Hi guys. Here are some loooong overdue pictures of Mr Bobs, enjoy!


















_These curls are soo heavy_













































_Where's the grass gone?_









_I swear... I just saw something move_









_Stop looking at my personal, curly whiskers_









_Just chillin' with my rabbit foot_


----------



## dougal22 (Jun 18, 2010)

Oh Angie, he's absolutely gorgeous. Love him :001_wub: mwah, mwah xx


----------



## Cleo38 (Jan 22, 2010)

What a beautiful cat!!!


----------



## MissyMV6 (Aug 5, 2010)

Thank you very much!


----------



## buffie (May 31, 2010)

He's gorgeous, and a happy looking chap to boot.:thumbup:


----------



## Dally Banjo (Oct 22, 2009)

Awwwwwwwwwwwwwwwwwwwwwwwwwwwww :001_wub: love the snow pics


----------



## MissyMV6 (Aug 5, 2010)

Thanks guys 

Angie x


----------



## Jess2308 (May 12, 2009)

Love that last picture :lol:

A friend of mine has one of these, the same colour as Mr Bobs too! They are SO soft and snuggly to cuddle


----------



## MissyMV6 (Aug 5, 2010)

Jess2308 said:


> Love that last picture :lol:
> 
> A friend of mine has one of these, the same colour as Mr Bobs too! They are SO soft and snuggly to cuddle


Aw, where did she get him from? Could be the same breeder His fur is getting thicker now he is 12 months old he is a little cutie.I wish he was a lap cat though.He will lay next to us but hes not sat on anyones knee for a snuggle (and believe me we could snuggle him to death)

Angie x


----------



## Maistaff (Dec 27, 2009)

What a super cute lad i love his colouring :001_wub:


----------



## Jess2308 (May 12, 2009)

Im not sure where she got him, I will have to ask  I think he was an ex breeding one, she's only had him a few months and he's about 4 or 5 i think. He is the soppiest cat i've ever met, just flops over for a belly tickle whenever he sees anyone :lol:


----------



## Taylorbaby (Jan 10, 2009)

his gorgeous! hope to have a litter of these in the future! will be bi-colour to!


----------



## lymorelynn (Oct 4, 2008)

What a gorgeous coat - just waiting to be snuggled, what a shame he's not a cuddly cat  He looks like a little lamb 
I love the snow pictures with very apt captions :thumbup:


----------



## MissyMV6 (Aug 5, 2010)

Jess2308 said:


> Im not sure where she got him, I will have to ask  I think he was an ex breeding one, she's only had him a few months and he's about 4 or 5 i think. He is the soppiest cat i've ever met, just flops over for a belly tickle whenever he sees anyone :lol:


Lol that must be a Selkirk thing because Bobs does that 

Angie x


----------



## MissyMV6 (Aug 5, 2010)

lymorelynn said:


> What a gorgeous coat - just waiting to be snuggled, what a shame he's not a cuddly cat  He looks like a little lamb
> I love the snow pictures with very apt captions :thumbup:


Thanks he is gorgeous  my daughter made the captions up

Angie x


----------



## MissyMV6 (Aug 5, 2010)

Taylorbaby said:


> his gorgeous! hope to have a litter of these in the future! will be bi-colour to!

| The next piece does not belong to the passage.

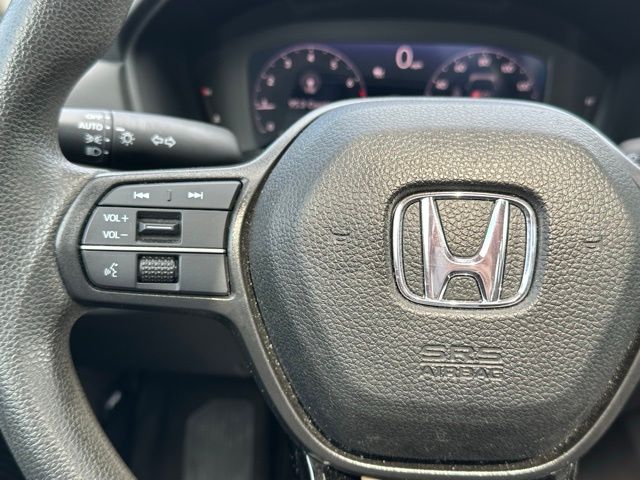 2023 Honda Accord EX photo 18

Oh that sounds like a plan They are a wonderful breed very laid back and easy going very much like the Bsh.

Angie x


----------



## Doolally (Oct 12, 2010)

Bless his beautiful curly socks :001_wub:


----------



## MissyMV6 (Aug 5, 2010)

Doolally said:


> Bless his beautiful curly socks :001_wub:


Lol..gotta love the curls

Angie x


----------



## Cazzer (Feb 1, 2010)

he is gorgeous, love those eyes!


----------



## MissyMV6 (Aug 5, 2010)

Cazzer said:


> he is gorgeous, love those eyes!


He uses them to his advantage all the time 

Angie x


----------



## Taylorbaby (Jan 10, 2009)

MissyMV6 said:


> Oh that sounds like a plan They are a wondeful breed very laid back and easy going very much like the Bsh.
> 
> Angie x


cant wait, will be late next year now  just looking at studs  they are sooo gorgeous beautiful cats


----------